Breivik raises his arm in a Nazi salute at the court room in Skien prison, March 15 |
OSLO — Norway violated terrorist Anders Behring Breivik’s human rights by keeping him in a “completely locked world” after being sentenced for killing 77 people in twin attacks in 2011, a court ruled on Wednesday.
The ruling, which took many by surprise, found that the killer had been subjected to strip searches, had been woken up hourly by guards for long periods and that the authorities had done little to alleviate the impact of his isolation.
A survivor of Breivik’s shooting spree said the decision “feels a bit like being punched in the gut” and a newspaper editorial denounced the decision as “wrong”. A law professor said it was likely to be appealed.

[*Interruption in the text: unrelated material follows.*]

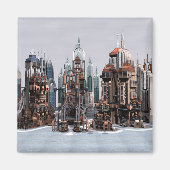 Futuristische Stadt Magnet (Vorne)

Breivik killed eight people in a bomb attack in Oslo in July 2011 before attacking a youth meeting of the Labor Party on an island to the northwest of the capital, killing 69 people.
He took Norwegian authorities to court in March, accusing them of exposing him to inhuman, degrading treatment or punishment in breach of the European Convention on Human Rights.
Breivik protested his isolation from other inmates and from outsiders who are not professionals.
His isolation is “an inhuman treatment” in the meaning of the European convention, the court said, noting that all his visits, except for his mother who died in 2013, are from professionals, and only through a glass wall.
The state must pay Breivik’s legal fees of $40,732.45, the judge ruled.
Ahead of the verdict, lawyers for both parties said they would appeal if it did no go in their favor.